-- Exercise --
All pictures are to be omitted while the lines starting at the line with "Сайдинг металлический Корабельная" and ending at the line with "1961 Barbie Doll" in the material below are retyped exactly, both ends included.

-- Records supplied --
________________________________________
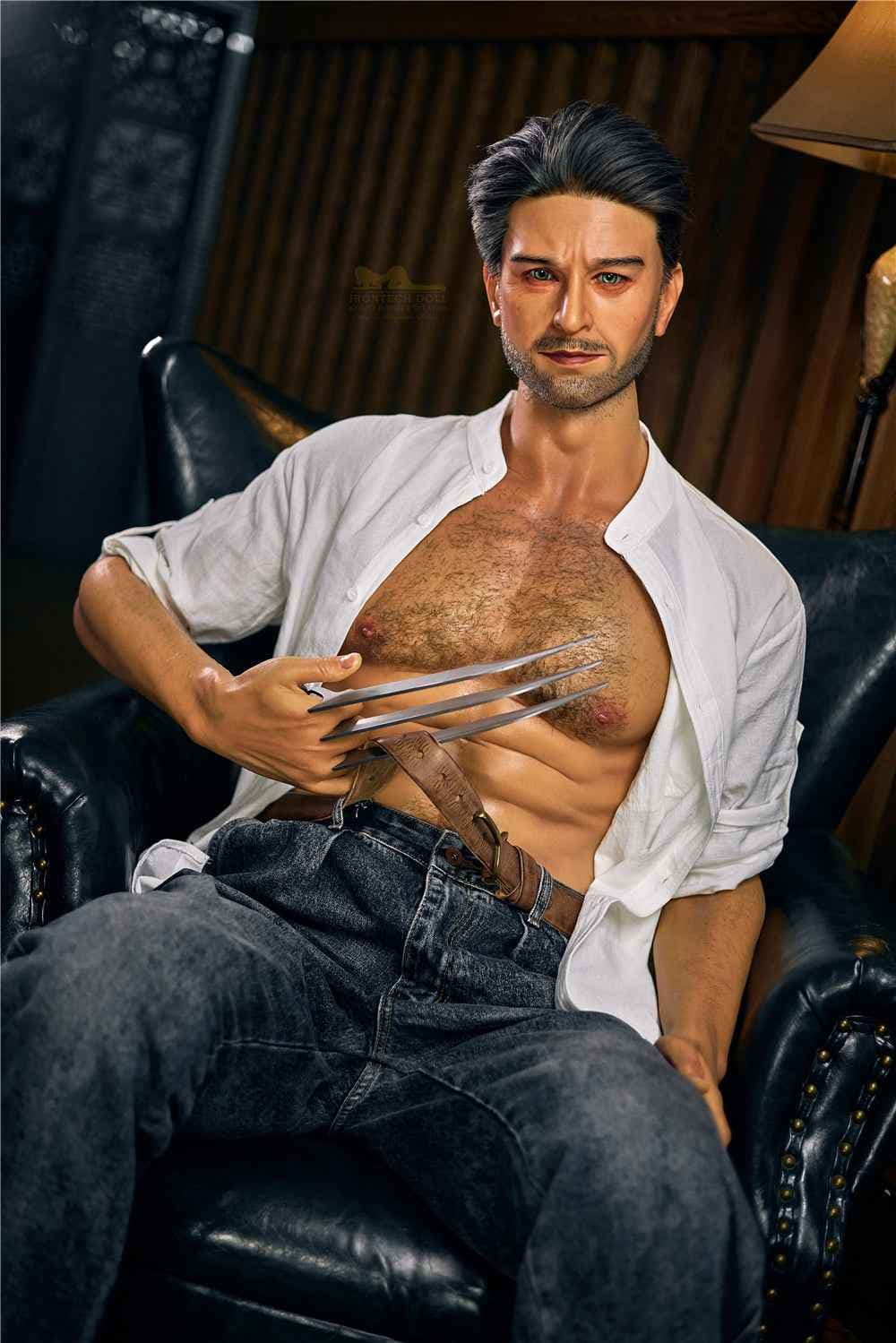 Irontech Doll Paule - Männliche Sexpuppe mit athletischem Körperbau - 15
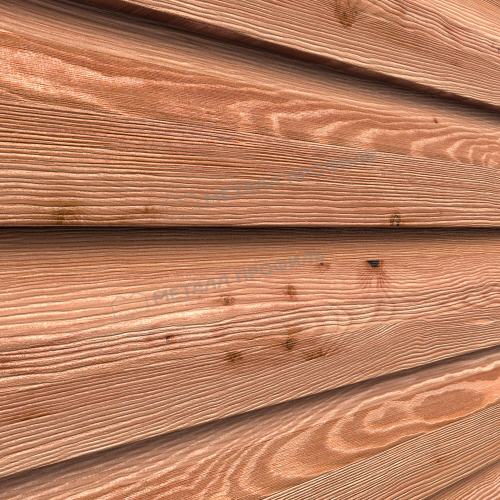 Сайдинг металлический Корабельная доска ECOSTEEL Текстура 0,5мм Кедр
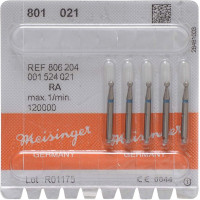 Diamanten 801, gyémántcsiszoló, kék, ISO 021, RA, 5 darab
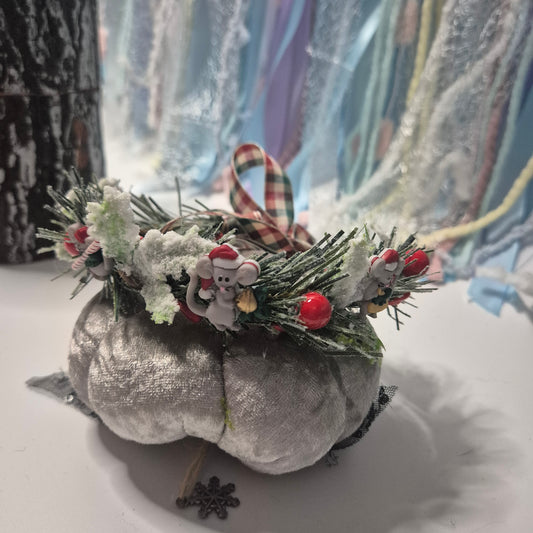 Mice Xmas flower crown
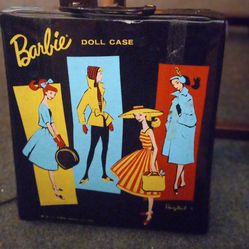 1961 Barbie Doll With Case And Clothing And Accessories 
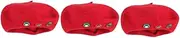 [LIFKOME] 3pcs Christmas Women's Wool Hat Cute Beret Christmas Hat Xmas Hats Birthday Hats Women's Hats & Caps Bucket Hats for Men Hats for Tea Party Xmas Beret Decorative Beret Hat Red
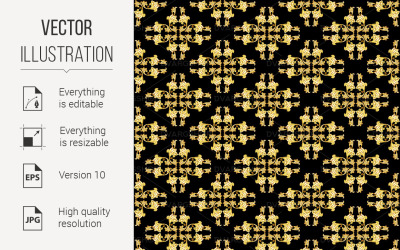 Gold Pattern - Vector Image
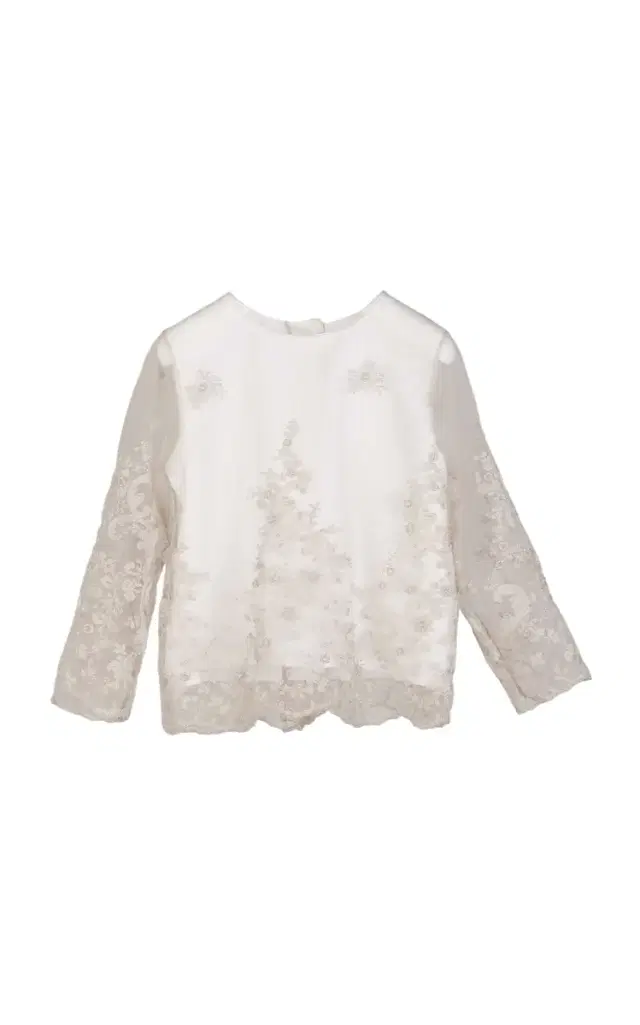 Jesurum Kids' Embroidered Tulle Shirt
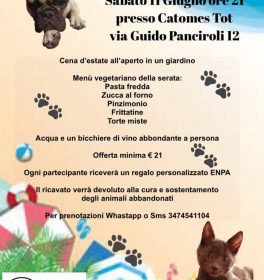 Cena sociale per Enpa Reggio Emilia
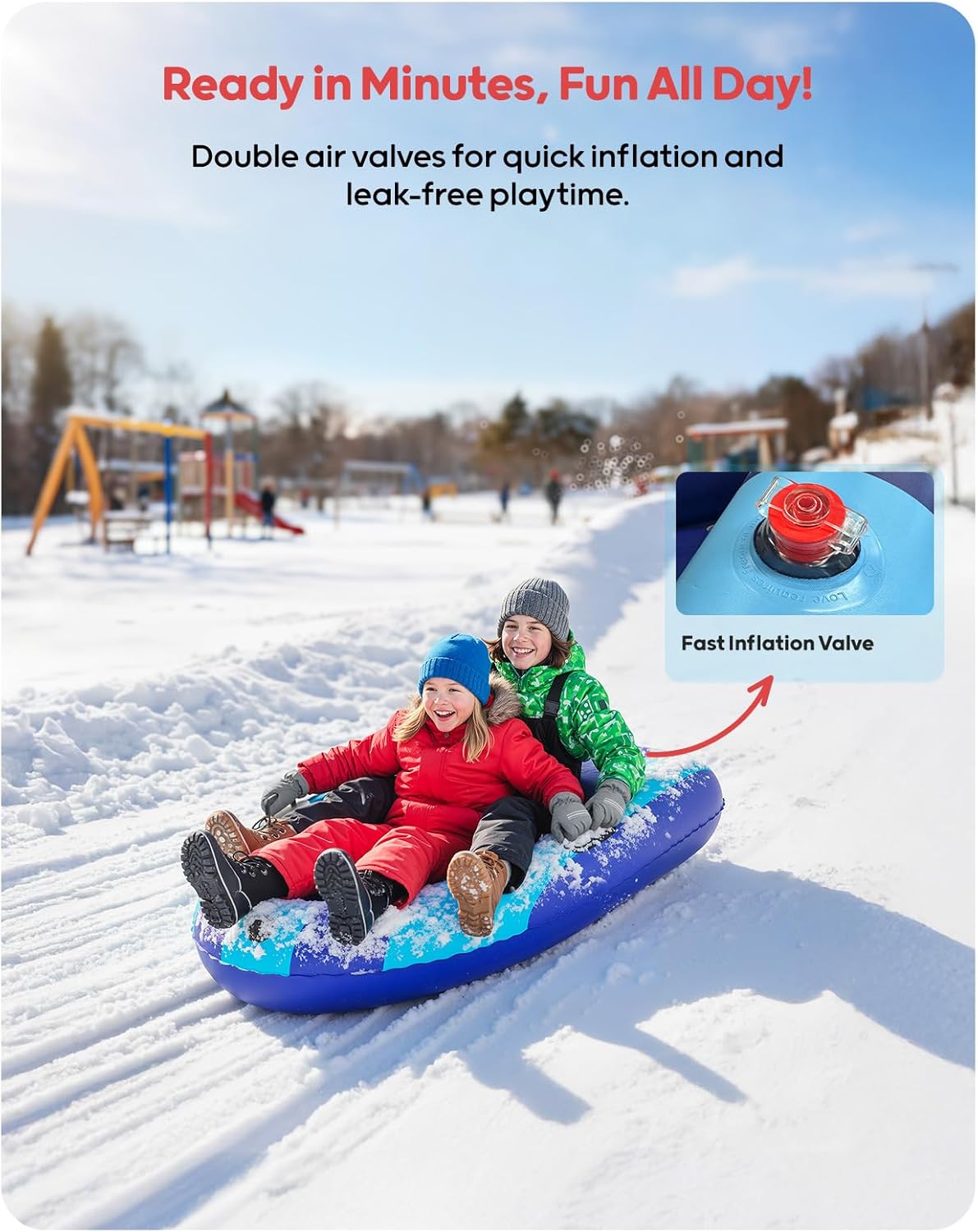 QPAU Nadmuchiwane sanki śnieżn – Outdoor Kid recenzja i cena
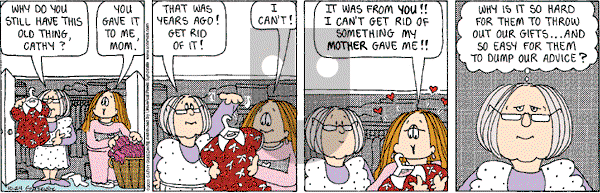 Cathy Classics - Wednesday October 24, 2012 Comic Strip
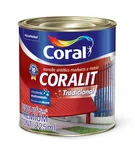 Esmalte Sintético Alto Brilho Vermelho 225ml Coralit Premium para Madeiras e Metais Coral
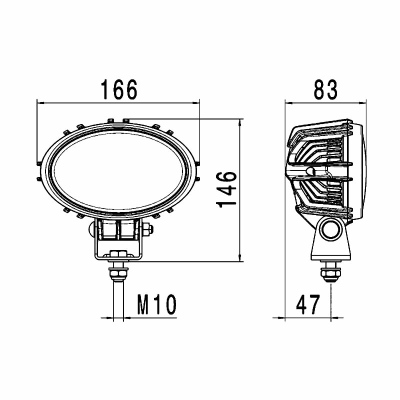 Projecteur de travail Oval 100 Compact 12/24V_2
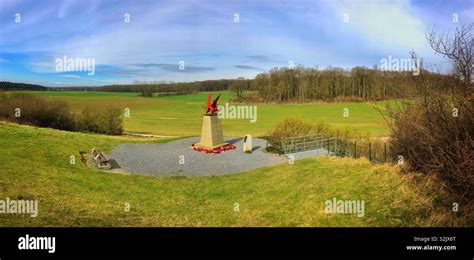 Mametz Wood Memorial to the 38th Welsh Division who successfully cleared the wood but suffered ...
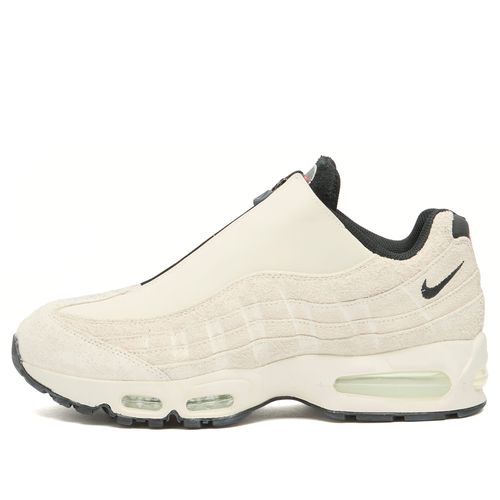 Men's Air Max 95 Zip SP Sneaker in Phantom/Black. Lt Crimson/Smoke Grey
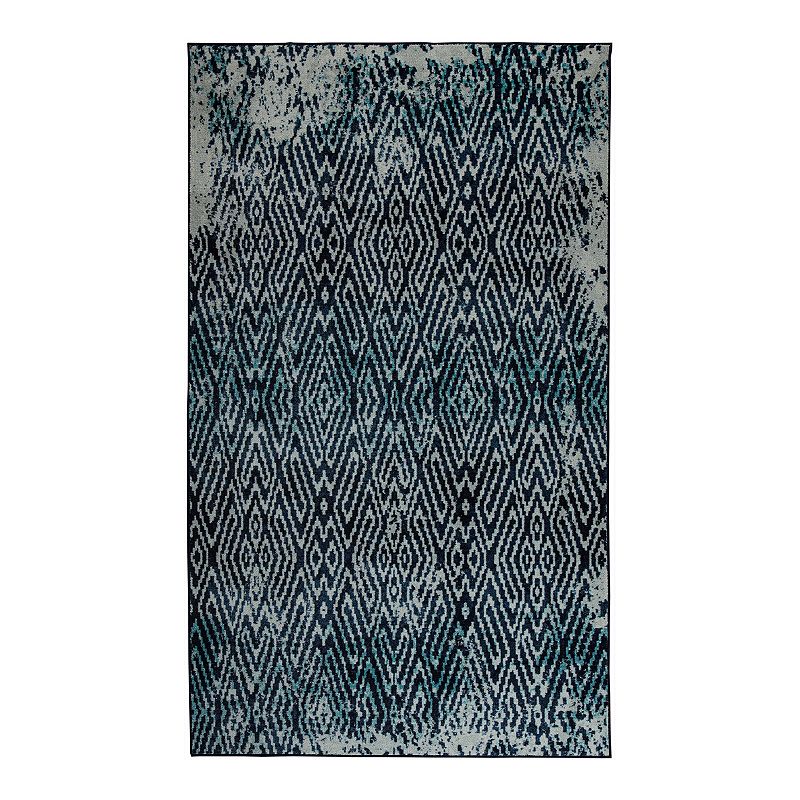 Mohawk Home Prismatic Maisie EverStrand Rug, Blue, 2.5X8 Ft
________________________________________
-- Solution to the exercise --
 Сайдинг металлический Корабельная доска ECOSTEEL Текстура 0,5мм Кедр
 Diamanten 801, gyémántcsiszoló, kék, ISO 021, RA, 5 darab
 Mice Xmas flower crown
 1961 Barbie Doll With Case And Clothing And Accessories 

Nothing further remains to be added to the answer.